President Liz Magill has come under increasing pressure from Penn's Jewish student and alumni community since her testimony this week before a congressional committee on antisemitism. At the hearing, she declined to say definitively that a person calling for the genocide of Jews would violate Penn's code of conduct related to bullying and harassment.

The Oct. 7 attack on Israel by the Islamist militant group Hamas and Israel's massive counterattack on Gaza have claimed thousands of lives and turned U.S. college campuses into hotbeds of protest.

University leaders - especially Magill and Harvard President Claudine Gay, who testified at the same hearing this week in Congress - have come under fire from the Jewish communities and others at their schools who believe they have not done enough to stand up against antisemitism.

Many pro-Palestinian groups on college campuses are also outraged at what they believe has been a lack of support from school leadership for their cause, and a lack of consequences for Islamophobic rhetoric.

The undated letter from Wharton's Board of Advisors, first obtained by Penn's student newspaper and published by Axios on Thursday, called on the university's Board of Trustees and Magill to initiate a change in leadership.

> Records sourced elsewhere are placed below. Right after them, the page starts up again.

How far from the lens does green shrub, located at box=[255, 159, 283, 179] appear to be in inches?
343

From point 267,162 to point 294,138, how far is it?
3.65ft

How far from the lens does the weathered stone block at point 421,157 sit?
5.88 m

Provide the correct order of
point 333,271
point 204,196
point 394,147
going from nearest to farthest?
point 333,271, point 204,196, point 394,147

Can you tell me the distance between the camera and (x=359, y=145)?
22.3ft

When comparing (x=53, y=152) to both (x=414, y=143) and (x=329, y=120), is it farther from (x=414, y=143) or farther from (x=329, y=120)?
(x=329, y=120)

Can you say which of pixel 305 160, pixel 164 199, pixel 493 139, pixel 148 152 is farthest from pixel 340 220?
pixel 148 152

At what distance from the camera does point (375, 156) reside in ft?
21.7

"As a result of the University leadership's stated beliefs and collective failure to act, our Board respectfully suggests to you and the Board of Trustees that the University requires new leadership with immediate effect," the letter said.

Wharton's Board of Advisors is led by the billionaire CEO of Apollo Global Management, Marc Rowan, who gave $50 million to Wharton in 2018 and has urged donors to refrain from giving to the school until Magill and the Board of Trustees chair resign, according to media reports.

Wharton, founded in 1881, is the world's oldest collegiate business school. The list of its notable graduates include Tesla founder Elon Musk, investor Ronald Perelman and former U.S. President Donald Trump.

CODE OF CONDUCT VIOLATION?

At Tuesday's congressional committee hearing, Republican Representative Elise Stefanik of New York grilled Magill, Gay and Massachusetts Institute of Technology President Sally Kornbluth about whether calling for the genocide of Jews violated their schools' rules or code of conduct regarding bullying and harassment.

"If the speech turns into conduct, it can be harassment," Magill replied. "If it is directed and severe and pervasive, it is harassment."

Kornbluth and Gay gave similar answers, each declining to give a simple "yes" or "no" to the question posed by Stefanik.

In a video statement posted online after the hearing, Magill said she should have focused more on the "evil" of advocating genocide, instead of framing the matter as an issue of free speech in line with the U.S. Constitution and traditions of on-campus debate.

"I want to be clear. A call for genocide of Jewish people is threatening, deeply so," Magill said.

In its letter, the Wharton board requested the university amend its policies to reflect that students "will not celebrate or advocate for the murder, killing, genocide, or annihilation of any individual classmate or any group of individuals in our community."

Gay apologized for her remarks at the hearing in an interview with Harvard's student newspaper on Thursday.

"I got caught up in what had become, at that point, an extended, combative exchange about policies and procedures," she told the newspaper.

"What I should have had the presence of mind to do in that moment was return to my guiding truth, which is that calls for violence against our Jewish community -- threats to our Jewish students -- have no place at Harvard, and will never go unchallenged."